##### Records for the exercise

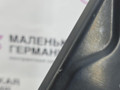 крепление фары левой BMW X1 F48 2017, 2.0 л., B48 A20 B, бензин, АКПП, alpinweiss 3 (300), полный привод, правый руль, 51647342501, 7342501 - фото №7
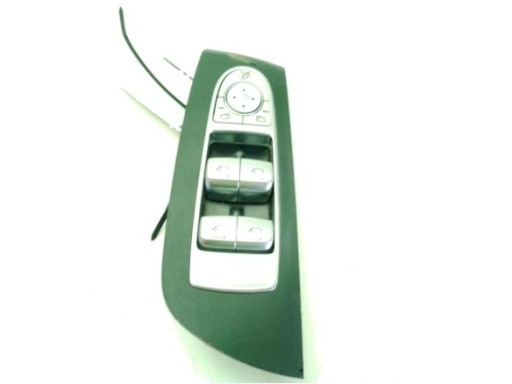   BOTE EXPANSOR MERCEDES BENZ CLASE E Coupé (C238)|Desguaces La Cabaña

##########
##### Records for the exercise

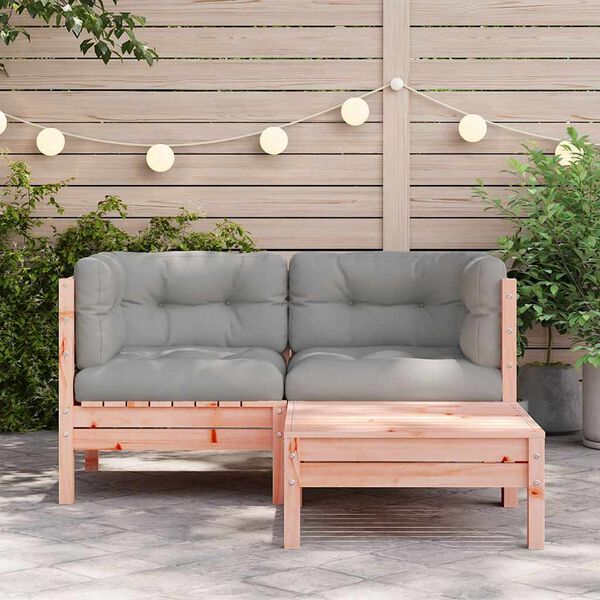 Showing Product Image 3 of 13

##########
##### Records for the exercise

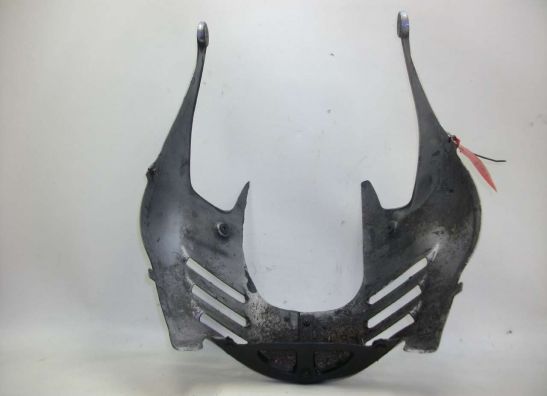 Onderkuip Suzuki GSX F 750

##########

About this exercise:
Find the line with "крепление фары левой" and the line with "BOTE EXPANSOR MERCEDES" in the records above. Copy both and all lines between them exactly, without pictures.

Completed task:
 крепление фары левой BMW X1 F48 2017, 2.0 л., B48 A20 B, бензин, АКПП, alpinweiss 3 (300), полный привод, правый руль, 51647342501, 7342501 - фото №7
   BOTE EXPANSOR MERCEDES BENZ CLASE E Coupé (C238)|Desguaces La Cabaña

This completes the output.